Chennai: In what is being seen as a big respite, the groundwater table in the city has considerably increased in July, bringing cheer to water managers. A study conducted by the city-based organisation Rain Centre, suggested that government implement the rain water harvesting system (RWHS) in 2003, shows a slight increase in the groundwater table in July. Data accessed by DC reveals that the members conducted a groundwater study in 88 monitoring wells across the city and when comparing July 2016 and 2017, the water table shows a notable increase with only some places drying up.

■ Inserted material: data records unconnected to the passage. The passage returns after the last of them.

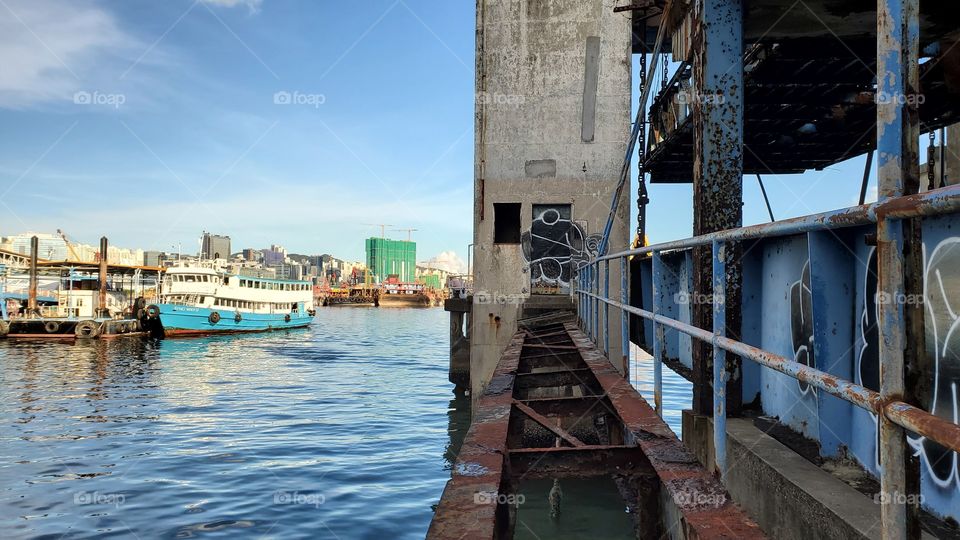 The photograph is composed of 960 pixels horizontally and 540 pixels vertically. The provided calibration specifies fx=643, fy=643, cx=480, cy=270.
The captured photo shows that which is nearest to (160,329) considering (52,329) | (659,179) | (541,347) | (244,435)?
(52,329)

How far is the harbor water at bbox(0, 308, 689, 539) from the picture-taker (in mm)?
10570

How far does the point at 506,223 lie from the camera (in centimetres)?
1650

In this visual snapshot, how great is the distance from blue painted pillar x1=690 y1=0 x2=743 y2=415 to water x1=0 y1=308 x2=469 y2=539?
22.3 feet

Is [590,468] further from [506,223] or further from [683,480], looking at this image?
[506,223]

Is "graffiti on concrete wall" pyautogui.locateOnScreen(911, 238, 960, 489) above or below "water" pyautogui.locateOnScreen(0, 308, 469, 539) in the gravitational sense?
above

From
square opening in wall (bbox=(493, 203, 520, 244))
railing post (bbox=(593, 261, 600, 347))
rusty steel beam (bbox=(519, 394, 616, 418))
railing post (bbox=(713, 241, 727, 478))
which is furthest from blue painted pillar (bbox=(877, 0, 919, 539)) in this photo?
square opening in wall (bbox=(493, 203, 520, 244))

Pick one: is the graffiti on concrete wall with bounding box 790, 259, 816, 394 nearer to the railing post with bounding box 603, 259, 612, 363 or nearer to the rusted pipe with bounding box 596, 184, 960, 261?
the rusted pipe with bounding box 596, 184, 960, 261

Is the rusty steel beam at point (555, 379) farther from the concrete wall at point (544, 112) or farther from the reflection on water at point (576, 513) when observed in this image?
the concrete wall at point (544, 112)

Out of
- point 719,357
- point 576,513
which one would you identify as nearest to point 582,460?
point 719,357

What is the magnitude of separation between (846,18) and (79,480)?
583 inches

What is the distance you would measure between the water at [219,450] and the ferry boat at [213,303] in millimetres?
14963

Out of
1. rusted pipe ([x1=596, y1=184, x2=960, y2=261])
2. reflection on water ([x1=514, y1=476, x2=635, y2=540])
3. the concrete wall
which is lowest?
reflection on water ([x1=514, y1=476, x2=635, y2=540])

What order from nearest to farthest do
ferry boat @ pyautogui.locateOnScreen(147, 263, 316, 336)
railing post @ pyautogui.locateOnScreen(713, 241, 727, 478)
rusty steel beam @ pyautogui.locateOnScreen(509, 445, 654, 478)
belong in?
railing post @ pyautogui.locateOnScreen(713, 241, 727, 478)
rusty steel beam @ pyautogui.locateOnScreen(509, 445, 654, 478)
ferry boat @ pyautogui.locateOnScreen(147, 263, 316, 336)

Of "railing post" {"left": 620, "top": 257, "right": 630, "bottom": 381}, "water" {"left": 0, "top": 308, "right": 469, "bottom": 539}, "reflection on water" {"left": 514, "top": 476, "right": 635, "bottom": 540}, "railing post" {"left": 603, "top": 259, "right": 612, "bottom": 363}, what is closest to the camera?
"railing post" {"left": 620, "top": 257, "right": 630, "bottom": 381} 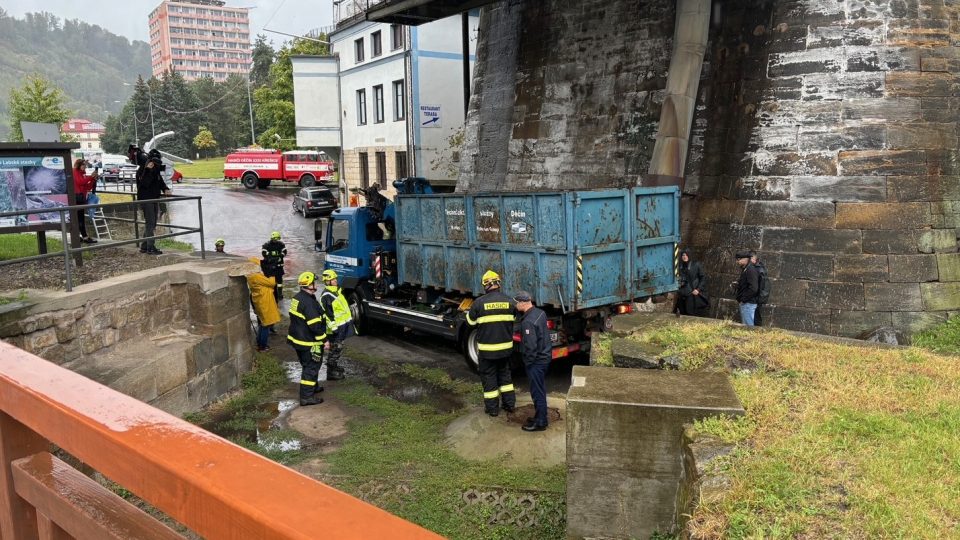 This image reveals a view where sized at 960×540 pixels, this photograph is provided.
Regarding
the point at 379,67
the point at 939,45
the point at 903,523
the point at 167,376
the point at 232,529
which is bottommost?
Answer: the point at 167,376

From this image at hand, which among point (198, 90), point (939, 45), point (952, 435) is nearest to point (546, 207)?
point (952, 435)

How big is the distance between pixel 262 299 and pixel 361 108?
84.0 ft

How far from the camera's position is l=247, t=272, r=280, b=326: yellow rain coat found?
42.5 ft

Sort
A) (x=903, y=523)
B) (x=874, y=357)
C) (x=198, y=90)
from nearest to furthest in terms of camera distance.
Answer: (x=903, y=523) < (x=874, y=357) < (x=198, y=90)

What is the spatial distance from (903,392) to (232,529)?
18.5 ft

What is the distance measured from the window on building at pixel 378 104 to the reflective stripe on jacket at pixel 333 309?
82.6 ft

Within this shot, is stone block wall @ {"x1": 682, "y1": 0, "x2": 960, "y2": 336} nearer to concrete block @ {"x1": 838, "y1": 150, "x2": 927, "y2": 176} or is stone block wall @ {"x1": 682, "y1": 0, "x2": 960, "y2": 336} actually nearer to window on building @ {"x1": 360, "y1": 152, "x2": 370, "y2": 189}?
concrete block @ {"x1": 838, "y1": 150, "x2": 927, "y2": 176}

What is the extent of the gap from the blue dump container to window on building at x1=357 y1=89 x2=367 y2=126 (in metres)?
25.1

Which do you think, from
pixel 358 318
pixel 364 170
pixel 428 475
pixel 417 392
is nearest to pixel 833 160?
pixel 417 392

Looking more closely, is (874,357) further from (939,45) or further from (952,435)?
(939,45)

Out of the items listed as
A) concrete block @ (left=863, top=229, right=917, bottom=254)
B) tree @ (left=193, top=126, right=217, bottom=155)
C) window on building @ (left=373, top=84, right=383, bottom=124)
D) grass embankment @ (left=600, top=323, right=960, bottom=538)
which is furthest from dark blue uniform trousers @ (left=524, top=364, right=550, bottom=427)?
tree @ (left=193, top=126, right=217, bottom=155)

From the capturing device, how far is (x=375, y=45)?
1367 inches

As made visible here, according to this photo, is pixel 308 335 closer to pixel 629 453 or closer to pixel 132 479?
pixel 629 453

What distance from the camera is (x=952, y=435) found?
180 inches
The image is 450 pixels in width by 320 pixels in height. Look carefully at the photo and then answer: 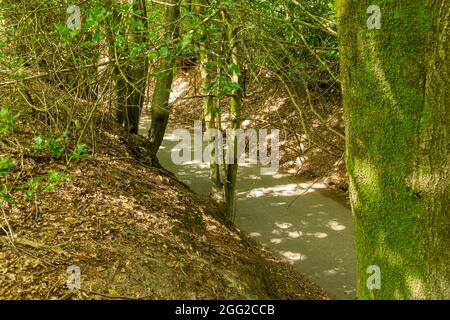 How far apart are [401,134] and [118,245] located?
313 centimetres

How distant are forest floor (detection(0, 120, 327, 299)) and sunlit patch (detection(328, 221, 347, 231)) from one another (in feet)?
7.05

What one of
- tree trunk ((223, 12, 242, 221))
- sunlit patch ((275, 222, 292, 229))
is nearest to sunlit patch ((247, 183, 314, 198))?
sunlit patch ((275, 222, 292, 229))

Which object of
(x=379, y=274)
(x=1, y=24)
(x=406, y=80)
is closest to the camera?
(x=406, y=80)

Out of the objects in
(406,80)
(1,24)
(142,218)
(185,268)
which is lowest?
(185,268)

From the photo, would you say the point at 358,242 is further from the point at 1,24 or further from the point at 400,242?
the point at 1,24

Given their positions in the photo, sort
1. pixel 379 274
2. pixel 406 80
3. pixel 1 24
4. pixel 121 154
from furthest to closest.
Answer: pixel 121 154 < pixel 1 24 < pixel 379 274 < pixel 406 80

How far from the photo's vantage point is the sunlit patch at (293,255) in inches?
331

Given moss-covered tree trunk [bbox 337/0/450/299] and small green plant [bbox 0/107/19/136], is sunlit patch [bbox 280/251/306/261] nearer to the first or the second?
moss-covered tree trunk [bbox 337/0/450/299]

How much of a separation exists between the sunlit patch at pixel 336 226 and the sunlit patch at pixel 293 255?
1.33 metres

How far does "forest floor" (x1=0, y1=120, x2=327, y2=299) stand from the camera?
413 cm

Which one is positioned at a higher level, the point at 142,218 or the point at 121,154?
the point at 121,154

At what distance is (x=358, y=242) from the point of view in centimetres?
310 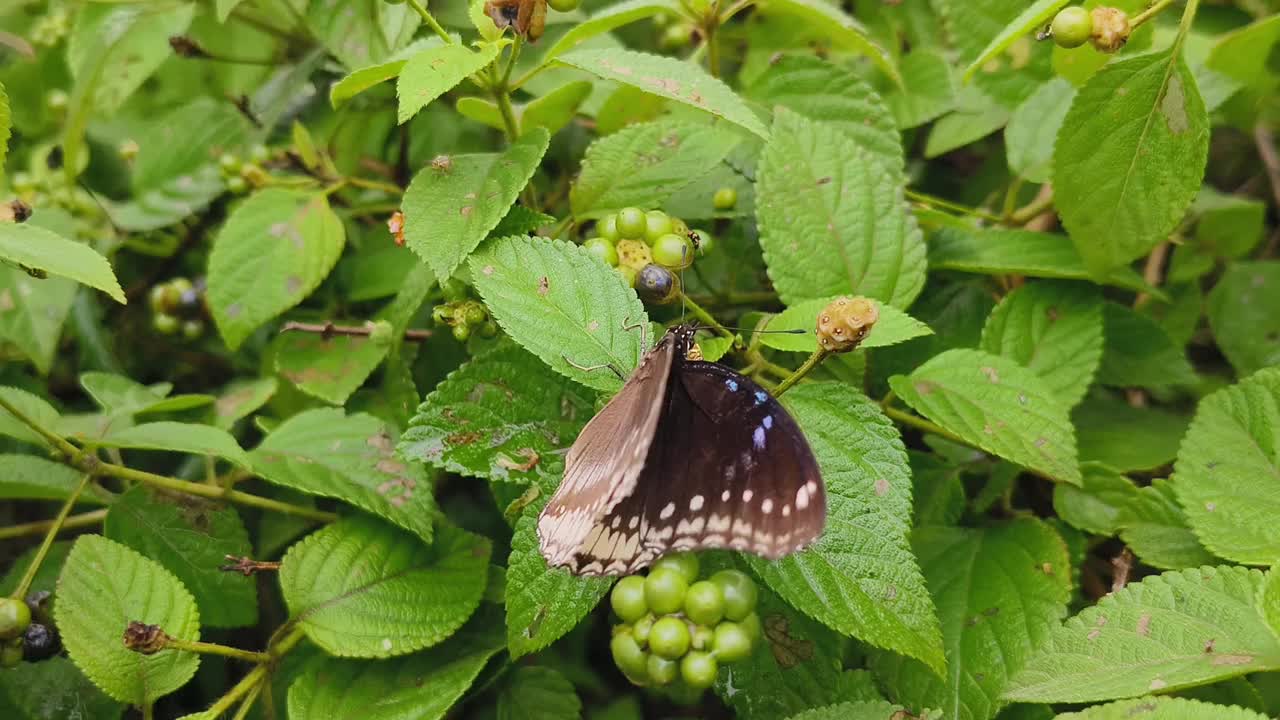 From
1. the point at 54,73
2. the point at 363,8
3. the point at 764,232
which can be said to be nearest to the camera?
the point at 764,232

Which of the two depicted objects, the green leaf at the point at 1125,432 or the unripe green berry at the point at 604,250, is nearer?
the unripe green berry at the point at 604,250

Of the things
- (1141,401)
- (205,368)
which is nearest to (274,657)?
(205,368)

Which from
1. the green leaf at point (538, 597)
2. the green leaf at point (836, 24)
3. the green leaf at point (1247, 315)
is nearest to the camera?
the green leaf at point (538, 597)

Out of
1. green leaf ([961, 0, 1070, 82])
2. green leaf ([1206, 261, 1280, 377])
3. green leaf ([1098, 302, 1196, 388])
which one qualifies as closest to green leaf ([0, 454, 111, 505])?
green leaf ([961, 0, 1070, 82])

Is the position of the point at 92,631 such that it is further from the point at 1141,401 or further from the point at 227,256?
the point at 1141,401

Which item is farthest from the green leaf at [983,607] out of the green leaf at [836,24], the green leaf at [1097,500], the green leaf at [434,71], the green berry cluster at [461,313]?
the green leaf at [434,71]

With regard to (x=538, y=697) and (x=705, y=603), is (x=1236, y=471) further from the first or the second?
(x=538, y=697)

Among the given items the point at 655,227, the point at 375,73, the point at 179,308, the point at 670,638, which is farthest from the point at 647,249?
the point at 179,308

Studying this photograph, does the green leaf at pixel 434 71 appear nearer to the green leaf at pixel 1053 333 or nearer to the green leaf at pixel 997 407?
the green leaf at pixel 997 407

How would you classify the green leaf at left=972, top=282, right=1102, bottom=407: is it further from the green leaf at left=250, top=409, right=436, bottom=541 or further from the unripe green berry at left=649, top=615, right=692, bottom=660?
the green leaf at left=250, top=409, right=436, bottom=541
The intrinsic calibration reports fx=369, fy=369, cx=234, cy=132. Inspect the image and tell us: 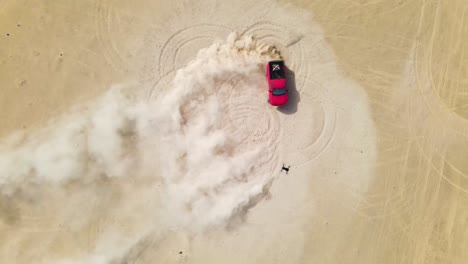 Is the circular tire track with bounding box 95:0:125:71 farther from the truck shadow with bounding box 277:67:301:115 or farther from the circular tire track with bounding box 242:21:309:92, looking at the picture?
the truck shadow with bounding box 277:67:301:115

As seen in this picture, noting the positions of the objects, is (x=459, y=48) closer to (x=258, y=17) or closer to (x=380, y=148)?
(x=380, y=148)

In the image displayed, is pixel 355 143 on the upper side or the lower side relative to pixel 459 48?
lower

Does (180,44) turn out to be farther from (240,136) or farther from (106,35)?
(240,136)

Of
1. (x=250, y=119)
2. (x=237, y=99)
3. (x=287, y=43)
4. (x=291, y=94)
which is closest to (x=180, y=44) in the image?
(x=237, y=99)

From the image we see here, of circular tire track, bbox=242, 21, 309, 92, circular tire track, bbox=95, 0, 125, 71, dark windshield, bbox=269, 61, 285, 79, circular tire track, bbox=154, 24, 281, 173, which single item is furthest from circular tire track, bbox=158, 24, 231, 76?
dark windshield, bbox=269, 61, 285, 79

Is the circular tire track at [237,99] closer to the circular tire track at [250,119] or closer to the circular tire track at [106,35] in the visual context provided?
the circular tire track at [250,119]

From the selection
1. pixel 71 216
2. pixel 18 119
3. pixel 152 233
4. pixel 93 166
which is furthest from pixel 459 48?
pixel 18 119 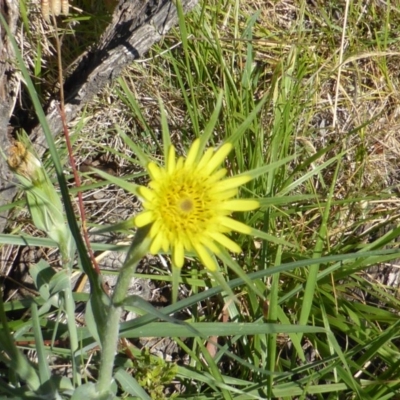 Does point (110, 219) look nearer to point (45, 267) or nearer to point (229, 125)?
point (229, 125)

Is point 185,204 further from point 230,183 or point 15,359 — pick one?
point 15,359

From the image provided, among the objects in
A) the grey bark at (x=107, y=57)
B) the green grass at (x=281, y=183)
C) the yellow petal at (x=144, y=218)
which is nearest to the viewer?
the yellow petal at (x=144, y=218)

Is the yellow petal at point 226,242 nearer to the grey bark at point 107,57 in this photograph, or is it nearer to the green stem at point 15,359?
the green stem at point 15,359

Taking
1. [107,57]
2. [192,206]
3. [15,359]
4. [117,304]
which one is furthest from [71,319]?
[107,57]

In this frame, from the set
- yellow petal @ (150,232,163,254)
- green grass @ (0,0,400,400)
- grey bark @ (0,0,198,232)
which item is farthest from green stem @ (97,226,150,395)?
grey bark @ (0,0,198,232)

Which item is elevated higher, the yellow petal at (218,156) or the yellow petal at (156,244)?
the yellow petal at (218,156)

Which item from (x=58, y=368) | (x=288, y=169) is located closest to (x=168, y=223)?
(x=58, y=368)

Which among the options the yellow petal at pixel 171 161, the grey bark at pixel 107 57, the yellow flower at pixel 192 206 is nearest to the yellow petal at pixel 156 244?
the yellow flower at pixel 192 206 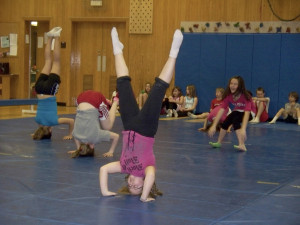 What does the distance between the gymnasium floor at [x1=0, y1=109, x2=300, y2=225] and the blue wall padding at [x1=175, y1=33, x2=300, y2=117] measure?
4.91 metres

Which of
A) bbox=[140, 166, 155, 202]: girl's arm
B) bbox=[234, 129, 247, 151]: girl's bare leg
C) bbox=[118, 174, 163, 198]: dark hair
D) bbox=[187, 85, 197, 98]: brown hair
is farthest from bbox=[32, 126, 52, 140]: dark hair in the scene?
bbox=[187, 85, 197, 98]: brown hair

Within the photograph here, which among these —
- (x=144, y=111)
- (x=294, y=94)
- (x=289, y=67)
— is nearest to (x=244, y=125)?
(x=144, y=111)

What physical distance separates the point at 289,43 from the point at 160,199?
9938 mm

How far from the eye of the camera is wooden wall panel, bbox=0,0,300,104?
47.5 feet

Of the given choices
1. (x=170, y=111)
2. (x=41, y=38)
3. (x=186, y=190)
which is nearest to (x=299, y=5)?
(x=170, y=111)

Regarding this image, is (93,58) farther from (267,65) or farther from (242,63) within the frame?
(267,65)

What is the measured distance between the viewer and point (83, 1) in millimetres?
16719

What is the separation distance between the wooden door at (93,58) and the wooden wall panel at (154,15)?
31cm

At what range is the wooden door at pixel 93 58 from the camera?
16.7 metres

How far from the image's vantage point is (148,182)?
16.0ft

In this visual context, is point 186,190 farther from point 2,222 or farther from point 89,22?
point 89,22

Sources said that the city had not received rain in 2016 due to Vardah cyclone and in 2017, there were only two heavy spells of rain during the northeast monsoon. In such a condition, members of Rain Centre monitoring wells and water table in the city, conducted a groundwater study for July. The study noted that groundwater has slightly increased in places like Anna Nagar, Koyambedu, Vadapalani, Virugambakkam and Cancer Institute. Dr Sekhar Raghavan, director of Rain Centre, told DC, “We have been conducting a groundwater monitoring study since January 2015 and there are 88 monitoring wells across the city where water level and total dissolved solids (TDS) are noted every month. Since there is no summer rain in May, groundwater level in June took a dip. However, the city has been receiving intermittent showers because of which there is a considerable improvement in groundwater level in July. However, there is no groundwater in a couple of wells located in Parthasarathy temple and Mylapore,” Sekhar pointed out. He also suggested that it can be improved if RWHS
is taken more seriously.
Meanwhile, water managers are happy about the increasing ground water level. The Chennai Metropolitan Water Supply and Sewerage Board (CMWSSB), which usually releases details of the ground water table once in four months is also in the process of conducting a study in wells. “Rain Centre’s study relating to ground water is happy news to us. As the city suffered a setback in the last two years in terms of decline in ground water, the study comes as a big relief not only to the CMWSSB, but also to residents of the city,” said an official of the CMWSSB.